Daniel Storey: Are these the final days of Mikel Arteta’s Arsenal?
Arteta can labour his point on bad luck all he wishes, but the reality is that his Arsenal have become far too easy to play against.
Arteta has been a player and coach in England long enough to know the importance of PR, and turning up a press conference armed with statistics that talked up Arsenal’s misfortune in losing recent matches to Burnley, Tottenham and Everton seemed a remarkably odd move. Not least because it became a story in itself at a time when Arteta does not need any extra flak.
Arteta can labour his point on bad luck all he wishes, but the reality is that his Arsenal have become far too easy to play against. Opposition managers need only to instruct their players to sit back and be confident that Arteta’s team lack the pace and guile to break them down. Wait long enough, as Burnley did to the best effect, and Arsenal will either make an individual mistake, suffer a catastrophic lack of discipline or leave themselves exposed to the counter attack.
There is an argument that playing an opponent like Chelsea who will be favourites to win the match might play into Arteta’s hands. He can revert to the safety-first approach that served Arsenal so well against Liverpool, Manchester City and Chelsea themselves in the latter stages of last season. But then there’s nothing like being outplayed by supposed top-six peers to emphasise your fall from grace. These really could be the last days of Arteta at Arsenal.
It’s a stretch to find faults in the blossoming partnership between Harry Kane and Son Heung-Min, but Tottenham’s understandable reliance upon the pair to create and score is that the plan quickly falls down if they don’t quite click. Against a defence that sits deep (and defends well) and a holding midfielder that is able to pick up Kane as he roams, Tottenham can be thwarted.

The problem comes when Jose Mourinho needs to change the game. On Saturday he brought on Lucas Moura (no goals as a substitute under Mourinho) and Gareth Bale (Tottenham have scored once with him on the pitch in the league). Having all four forwards should enable chance creation, but Spurs barely put Leicester under serious pressure.
The inevitable question is whether Mourinho needs to work on an alternative strategy for when Kane and Son are being starved of possession and Tottenham’s counter-attacking threat is stymied. In the eight league games this season when they have ‘enjoyed’ more than 50 percent possession, Spurs have taken only 12 points. Can this team (and this manager) play on the front foot effectively?

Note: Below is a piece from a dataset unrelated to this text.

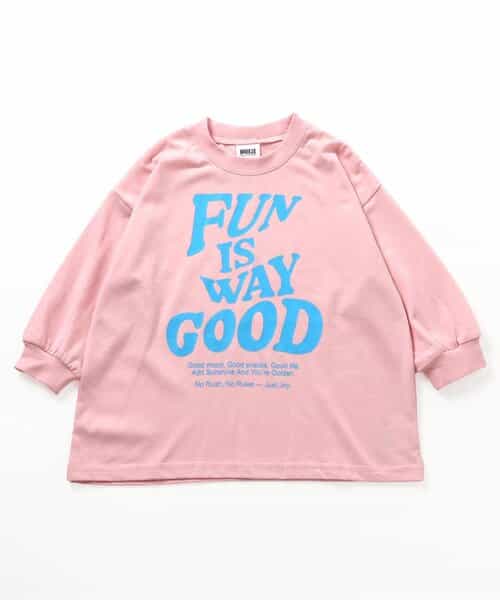 WEB限定  イロイロロゴ長袖Tシャツ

Ole Gunnar Solskjaer deserves great credit for the manner in which his tactical plan to expose Leeds United’s man-marking system worked so devastatingly well. By using fast attackers to stretch Leeds and drag defenders out of position, Manchester United created large pockets of space into which their midfielders could wander unchallenged.
But we know that United can be brilliant on the counter attack. What matters now, if United are to forge a meaningful title challenge, is that they prove themselves capable of breaking down deeper-lying defences without being forced to overload the final third and leaving themselves exposed to the counter. Handily, in Leicester City, Wolves and Aston Villa they have three opponents who they should beat but offer exactly that threat.
Sam Allardyce’s appointment by West Brom understandably provoked a cavalcade of nostalgia pieces for his previous firefighter missions at Sunderland and Crystal Palace. But West Brom will surely prove to be his toughest task yet. The suspicion is that Allardyce said yes because West Brom were the first club to ask not because they are a perfect fit.

Allardyce’s approach has always been to secure the defence; his Palace team scored only 22 goals in 21 league games but stayed up. But West Brom do not possess defenders that can be magically made suitable to thwart high-class attacks. Slaven Bilic reportedly believed too much of the summer transfer budget was spent on attackers that failed to provide value for money.
West Brom have conceded 29 goals in 14 league games so far this season. They have faced more shots than any other Premier League team and it is not obvious that the transfer budget exists to buy in January, as Allardyce did at Palace. This is not going to be easy.
Carlo Ancelotti deserves great credit for changing his system and taking Everton into the top four at Christmas for the first time since 2004. Without James Rodriguez and Lucas Digne, two players who crave possession, Ancelotti believed that Everton needed to sacrifice possession, sit deeper and protect their full-backs. He moved Gylfi Sigurdsson into a No. 10 role to ensure that Dominic Calvert-Lewin would not become isolated.
It has worked brilliantly. Everton beat Arsenal, Chelsea and Leicester City without ever having more than 42 percent possession having had more than that in nine of their other 11 league games. Now Ancelotti has two strategies; Everton can go back to possession football when James and Digne return.
Over the festive period, Everton face two contrasting opponents in Sheffield United and Manchester City. In recent seasons we have seen them come unstuck against lower-ranked teams and fail to land a glove on high-quality opponents. Take four points or more from those two games and Everton must be considered candidates for a top-six place.